I’ve been showing a terrible lack of compassion though, which isn’t good enough. I’m sure my personal grieving has had a lot to do with this but it’s time for me to do the best I can for my Dad and just hope against hope that he starts to help himself. Whichever route he decides to go down, at least now that I have recognised the error of my ways, I will be able to live my life with a clear conscience.
The inscription on the bench reads 'Walking 10,000 steps a day can help you get fit, burn excess calories and improve your health.'
Lying bastard bench was all I was thinking having clambered up here only moments earlier, an incline that just seemed to go on and on and on! I felt absolutely shattered after the walk today, which I put down to the hangover above anything else.
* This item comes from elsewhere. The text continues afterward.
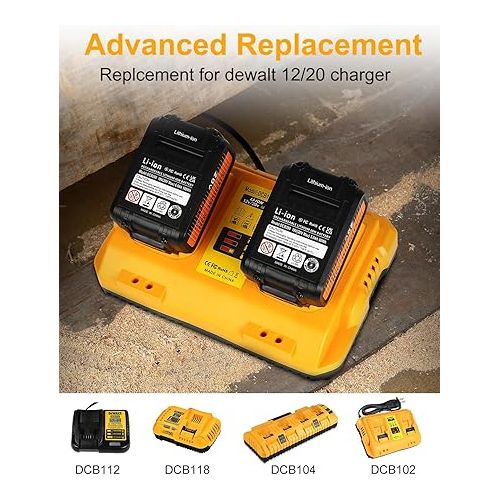  2Packs 20v Battery Replacement for Dewalt 20V Max Battery 6000mAh with Charger DCB102 Charger Compatible with Dewalt 20V Max Battery Compatible with Dewalt 12V/20V Battery Charger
It was only a five miler but with some good climbs in places which has done me no harm at all. I got home just in time for the Spurs game, which improved my mood. That certainly wasn’t something I was expecting!
On the drive home from our walk, I had another really sad moment. The realisation that I’ll never see my boy again just overwhelmed me completely and I started crying my fucking eyes out. And that made me think again about everything that had happened with my Dad this last week.
I think I simply have compassion fatigue. I know it’s far more common in people who operate in extremely challenging environments as say paramedics do, but it does partly explain my irrational behaviour. Sometimes I just feel that I’ve got nothing left to give. But I’m going to fight it and show more kindness and love because that’s me really. And you know what, when you are compassionate towards people, it don’t half feel good.